On Thursday, April 11th, 2019 at 6:30 pm, join the Harvard Alumni Architectural and Urban Society for a lecture and book reading of Alexander’s Eye and Ganga’s Descent with Professor Dilip da Cunha.
Dilip da Cunha integrates history, art, cultural studies, hydrology, and geography to tell the story of how rivers have been culturally constructed as lines granted a special role in defining human habitation and everyday practice. What we take to be natural features of the earth's surface, according to da Cunha, are products of human design and a particular way of seeing that has roots stretching as far back as ancient Greek cartography. Although Alexander the Great never saw the Ganges, he conceived of it as a flowing body of water, with sources, destinations, and banks that marked the separation of land from water. This Alexandrine view of the river, da Cunha argues, has been pursued and adopted across time and around the world. With ever more sophisticated mappings of its form and characteristics, the river's essential features are refined and standardized: its source identified by a point; its course depicted as a stroke; and its propensity to flood imagined as the erasure of the boundary between water and land.
While da Cunha's vision of rivers is a global one, he takes an especially close look at the Ganges, as he traces the ways in which it has been pictured, mapped, surveyed, explored, and measured across the millennia. He argues that the articulation of the river Ganges has placed it at odds with Ganga, a "rain terrain" that does not conform to the line of separation, containment, and calibration that are the formalities of a river landscape. By calling rivers into question, da Cunha depicts an ecosystem that is neither land nor water but one of ubiquitous wetness in which rain is held in soil, aquifers, glaciers, snowfields, building materials, agricultural fields, air, and even plants and animals.
"The Invention of Rivers is a radical and timely book that will stimulate considerable debate on matters of the greatest contemporary urgency."
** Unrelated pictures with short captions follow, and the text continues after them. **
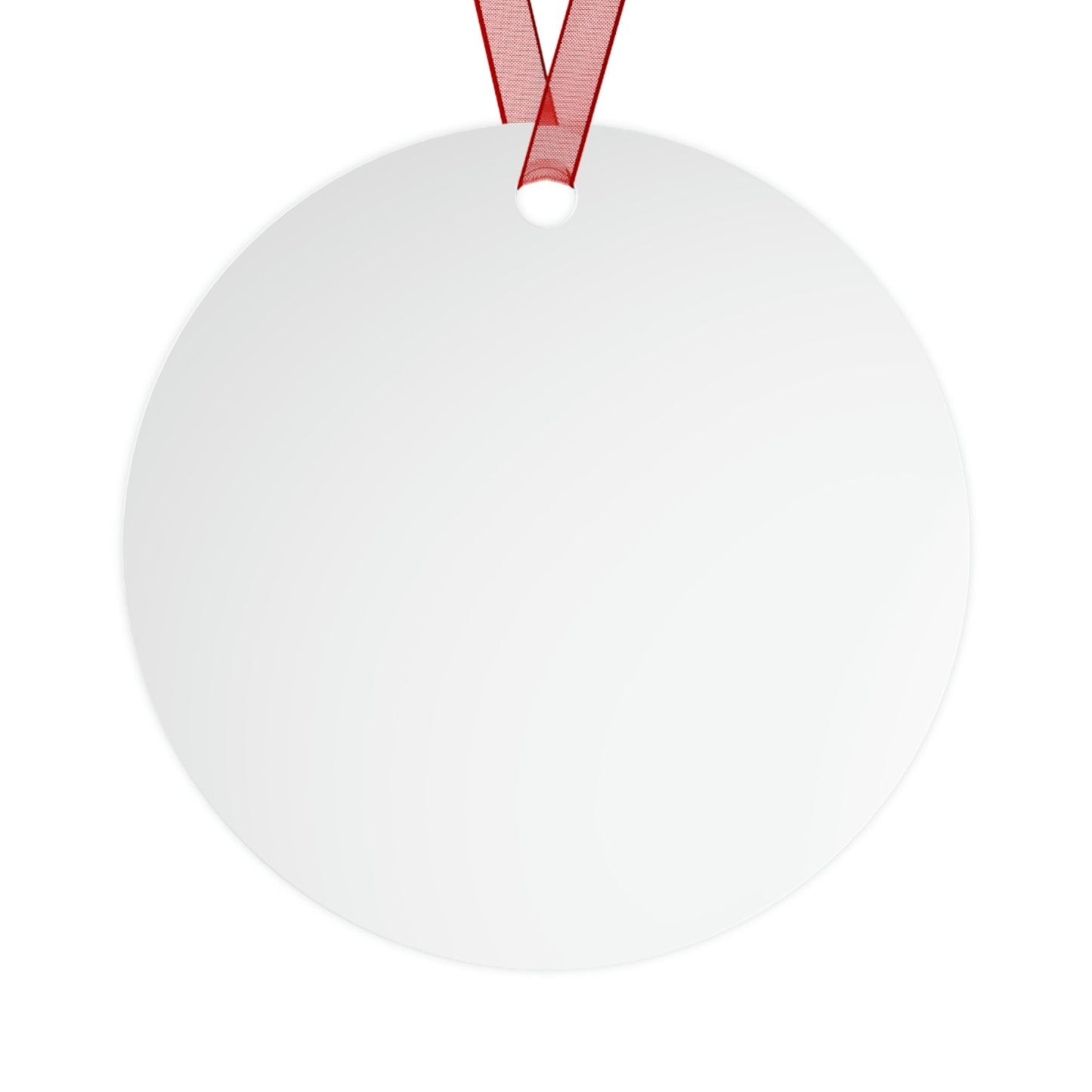 Name Personalized Christmas Ornament/Baby Metal Ornament/Trending Now/Baby Shower Gift Idea/Stocking Present/Christmas Tree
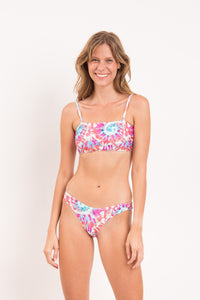 Set Splash Bandeau-Reto 高腿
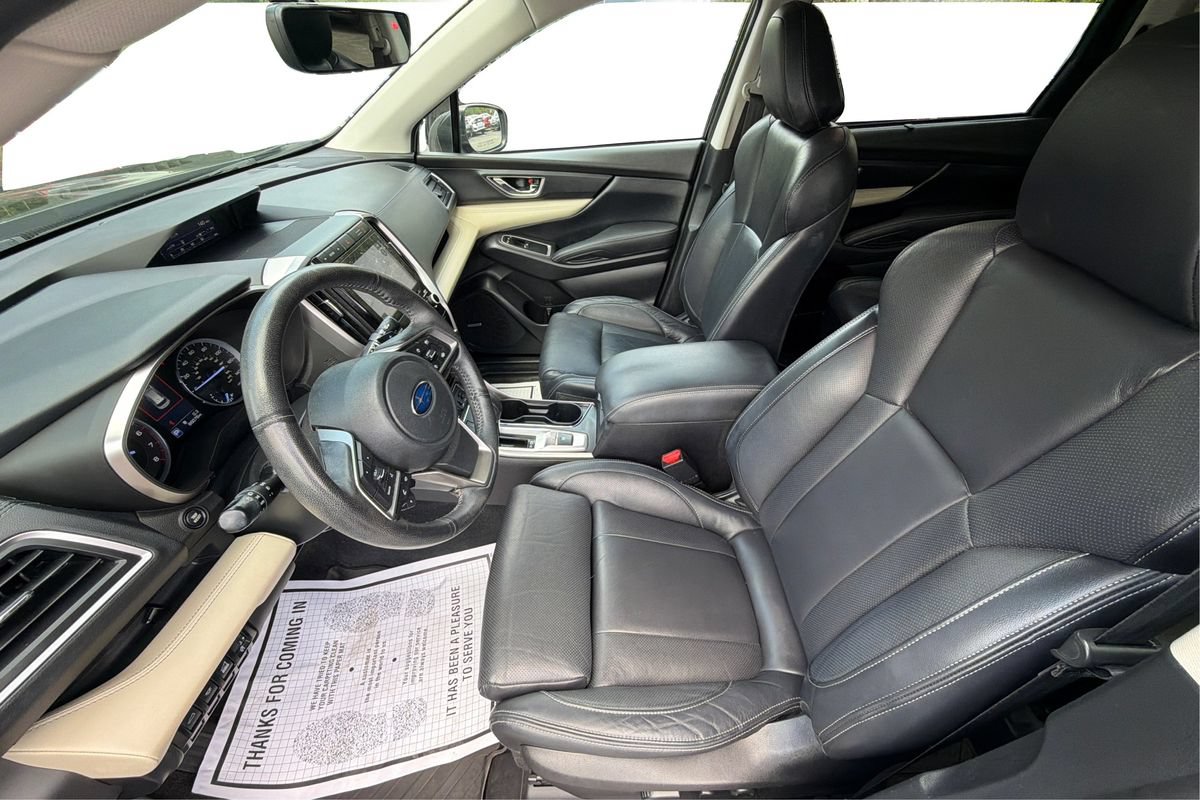 Used 2021 Subaru Ascent Limited w/ Technology Package AWD/4WD image 9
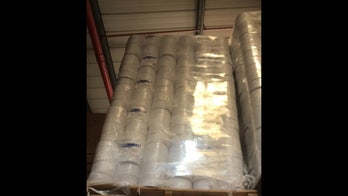 US Embassy in London auctioning off 1200 rolls of toilet paper, 'usable' Volvo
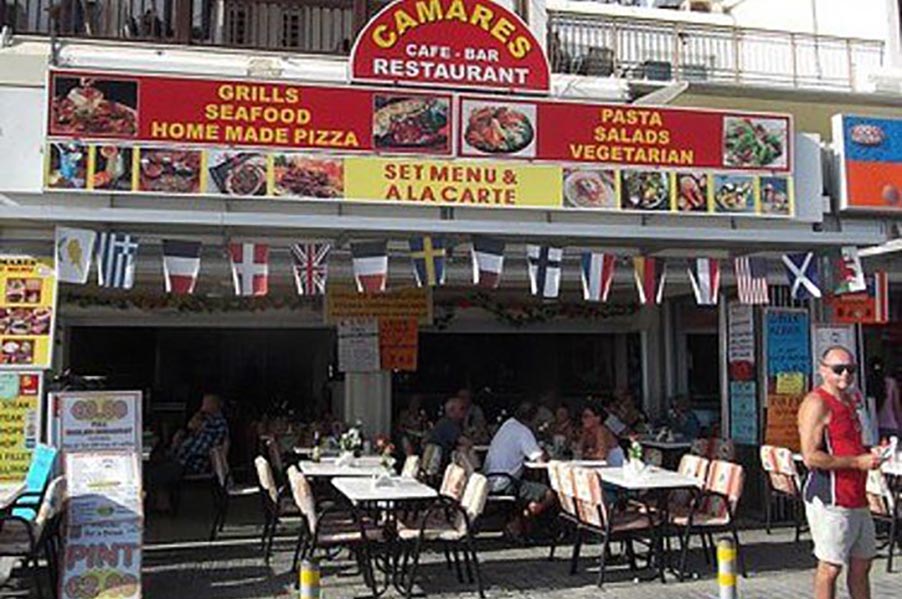 Camares Restaurant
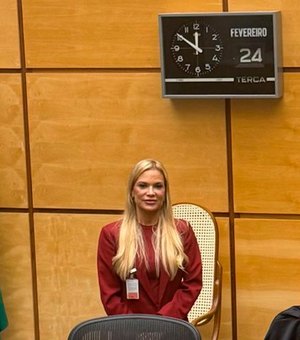 Joyce Florentino é convocada para atuar como juíza auxiliar no STJ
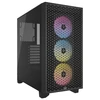 Image de Corsair 3000D RGB Airflow (Noir)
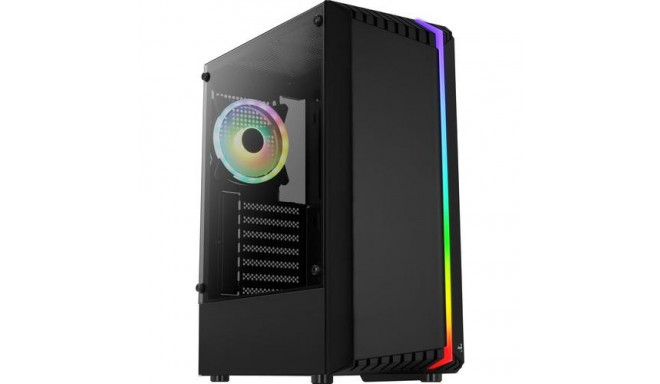 Aerocool Bionic Midi Tower Black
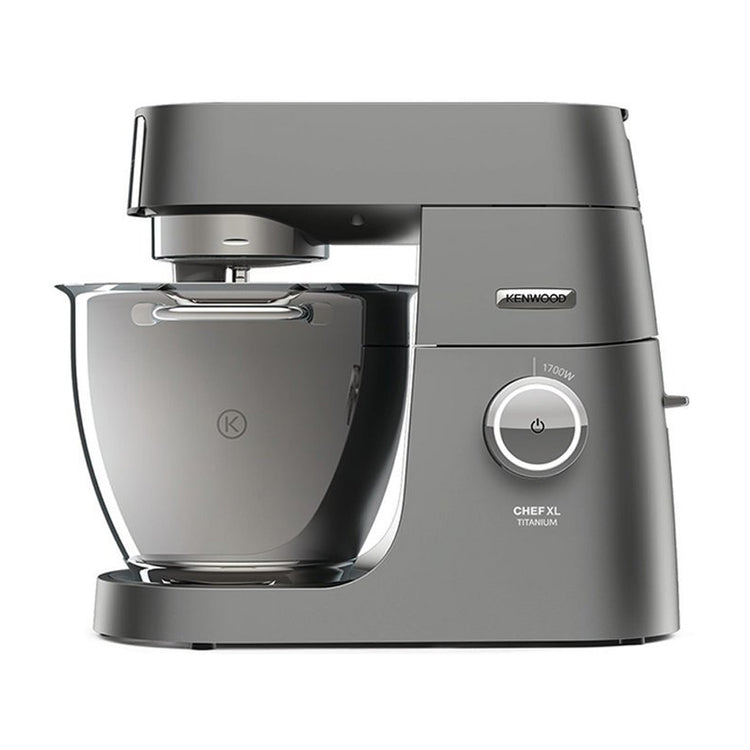 Kenwood KVL8300S Chef XL Major Titanium Food Mixer, Silver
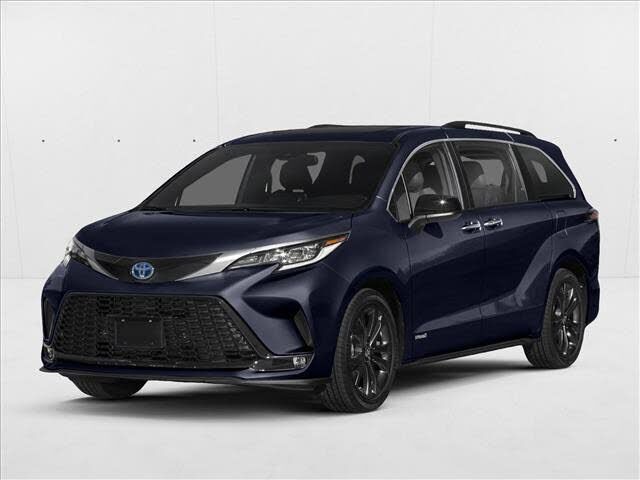 2021 TOYOTA Sienna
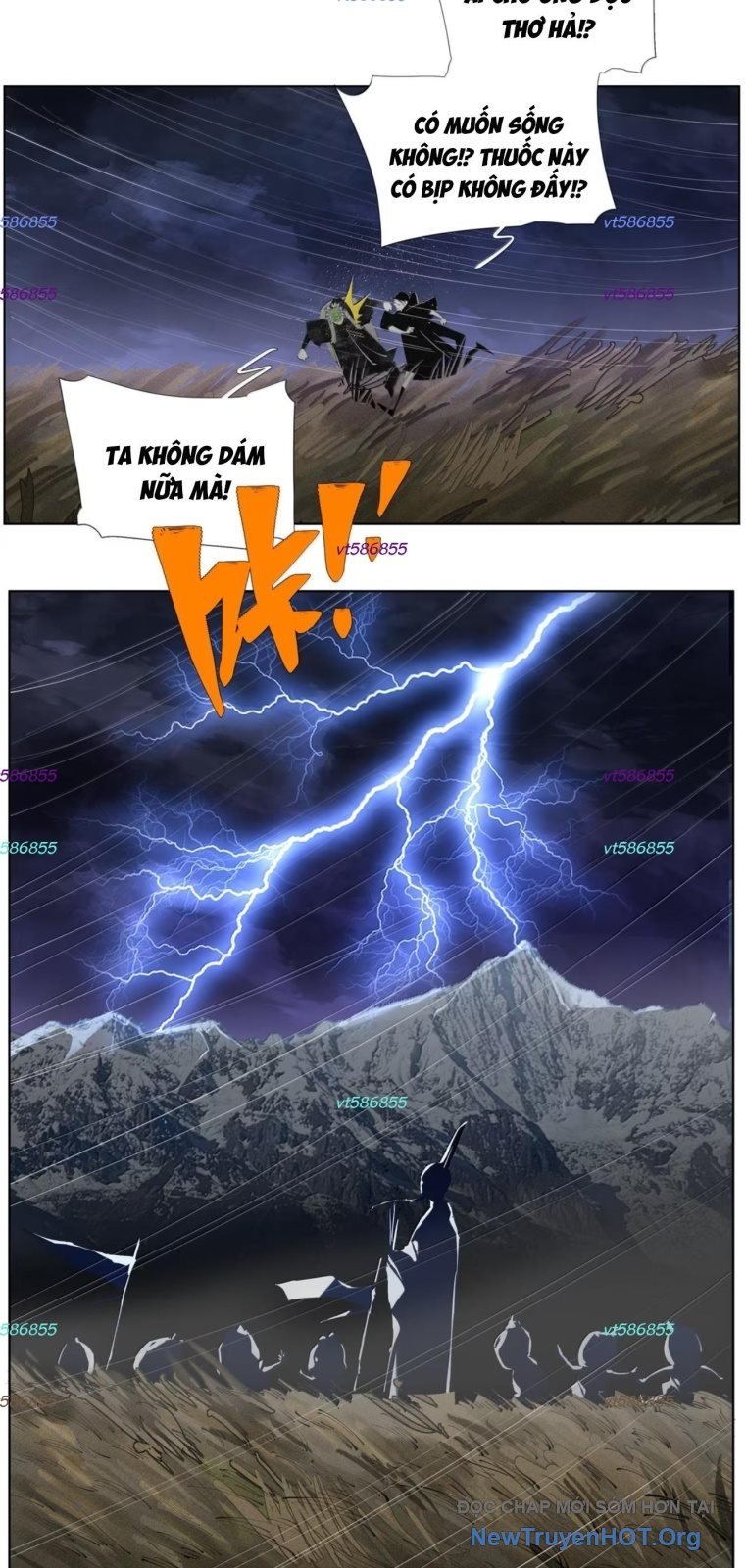 Chiến Loạn Thời Không: Chapter 56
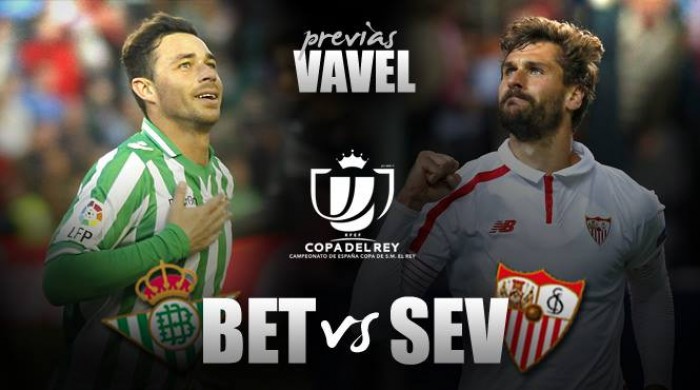 Real Betis - Sevilla FC: primer asalto en el Villamarín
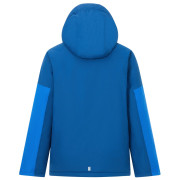 Giacca invernale per bambini Regatta Hillain Warm Lined Blue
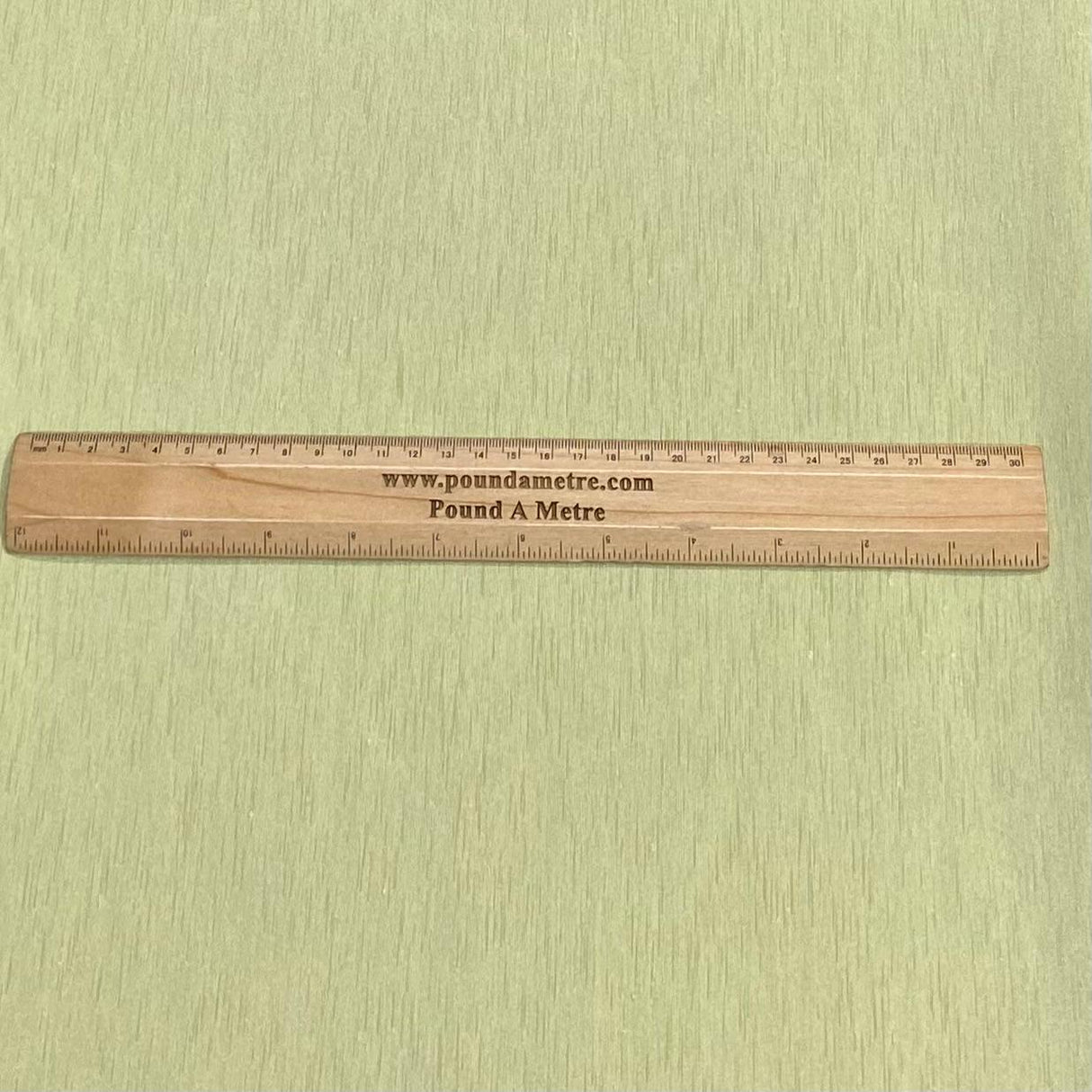 Pound A Metre 3 Metres smooth Polyester Silk 60" Wide (Sage)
— Arjun Appadurai, New York University
"A highly original argument and extraordinary piece of scholarship that comes at a time when rain is behaving unpredictably and challenging humanity's attempt to contain it within banks. It offers an alternative way of thinking about our relationship with the hydrological cycle and of living with wetness."
— Lindsay Bremner, University of Westminster
637 West 27th Street, Ground Floor Gallery
Doors will open at 6:00 PM and the reading will begin promptly at 6:30. The reading will be followed by a reception with complimentary drinks and light snacks.
Dilip da Cunha is an architect and planner. He is co-director of the Risk and Resilience program at the Graduate School of Design, Harvard University, and Adjunct Professor at the GSAPP, Columbia University. He is author with Anuradha Mathur of Mississippi Floods: Designing a Shifting Landscape (2001); Deccan Traverses: The Making of Bangalore’s Terrain (2006); Soak: Mumbai in an Estuary (2009); and Design in the Terrain of Water (2014). His new book, The Invention of Rivers: Alexander’s Eye and Ganga’s Descent, was just published by the University of Pennsylvania Press (www.upenn.edu/pennpress/book/15913.html).
In 2017, da Cunha along with Anuradha Mathur received a Pew Fellowship Grant in recognition of their collaborative work. They are currently working on a multimedia exhibition titled The Ocean of Rain.